De basisprincipes van het waterveiligheidsbeleid van Nederland zijn een onderwerp dat cruciaal is voor het leven in onze delta, zowel voor huidige als toekomstige generaties. Het nieuwe waterveiligheidsbeleid betekent een nieuwe normering voor onze primaire waterkeringen. 

Vertrekpunt in de nieuwe normering is het bieden van een basisbescherming aan elk individu dat achter de dijken woont, waarbij de kans op verdrinken nergens in Nederland groter is dan 1 op 100.000 per jaar. Dit basisbeschermingsniveau is vervolgens vertaald naar normspecificaties voor de waterkeringen, uitgedrukt in overstromingskansen. 
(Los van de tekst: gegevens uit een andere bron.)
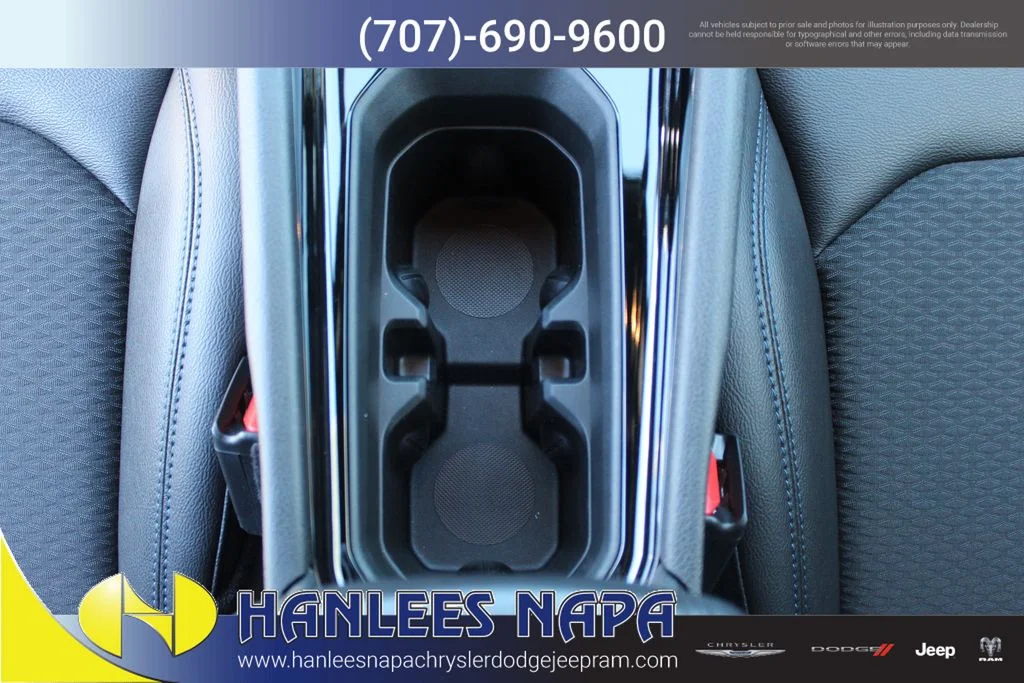 Used 2026 White Jeep Latitude image 17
Waar deze overstromingskans tot grote economische schade of aantallen slachtoffers zou kunnen leiden, is de norm voor de betreffende waterkering aangescherpt. Dat betekent dus dat door het nieuwe waterveiligheidsbeleid iedereen achter onze dijken op tenminste eenzelfde basisbescherming kan rekenen. Dat is in het huidige beleid niet het geval. 

Conform de Deltawet maakt de deltacommissaris jaarlijks een voorstel voor de te nemen maatregelen om de veiligheid en zoetwatervoorziening op orde te houden. De zorg voor de waterkeringen is in handen van de waterschappen, samen met Rijkswaterstaat. Voor het onderhoud en de versterking vanwege de nieuwe waterveiligheidsnormen zijn middelen uit het Deltafonds beschikbaar. 

Ondanks al deze inspanningen kunnen we de kans op een overstroming nooit helemaal uitsluiten. Het Deltaprogramma besteedt daarom ook aandacht aan het beperken van de gevolgen van een overstroming, bijvoorbeeld voor het in stand houden van vitale voorzieningen en het uitvoeren van evacuaties. De deltacommissaris bewaakt de voortgang en rapporteert daarover aan Kabinet en Tweede Kamer.